Aujourd’hui, il est nécessaire de lever d’emblée une ambiguïté puisqu’il existe des papiers Hanji de qualités très différentes, suivant les usages auxquels ils sont destinés, et ce depuis l’époque Joseon durant laquelle la diversité des papiers s’est considérablement développée. En Corée, on peut considérer la période Goryeo comme celle de l’excellence en termes de qualité papetière et c’est pourquoi nous proposons la dénomination « papier Goryeo-Hanji », lorsque l’on veut faire référence à un papier Hanji de qualité de conservation. Ce papier coréen Goryeo-Hanji présente des atouts très intéressants pour la restauration des biens culturels : il s’agit notamment de sa pérennité. Elle est liée au respect d’un mode de fabrication particulier, bien illustré durant la conférence du Louvre intitulée « Un papier d’hier pour demain » que l’on peut retrouver sur Youtube Conférence Internationale du 24/11/2017 organisée par le Musée du Louvre.
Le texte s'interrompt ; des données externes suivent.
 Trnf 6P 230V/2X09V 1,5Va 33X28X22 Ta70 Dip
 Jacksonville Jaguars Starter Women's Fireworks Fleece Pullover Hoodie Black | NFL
Face au papier Washi, plus connu dans le monde occidental pour des raisons historiques, notamment l’occupation américaine du Japon à la fin de la 2e guerre mondiale et les échanges avec la nouvelle discipline qu’était alors la conservation-restauration, le papier coréen Hanji trouve parfaitement sa place comme précieux outil parmi la gamme des papiers orientaux utilisés en restauration d’œuvres d’art. Nous en donnerons ici deux illustrations :

L’une concerne l’utilisation d’un papier Hanji qui fut récemment utilisé pour restaurer une pièce centrale du bureau du prince électeur Maximilien II Emmanuel conservé au département des objets d’Arts du musée du Louvre.
Sur ce prestigieux grand bureau à gradins, exécuté pour l’électeur de Bavière à Paris vers 1714, le galbe très marqué du piétement est une des marques d’une très grande élégance. Sa marqueterie était très altérée, et le bureau fut entièrement démonté en 2017 pour une restauration fondamentale.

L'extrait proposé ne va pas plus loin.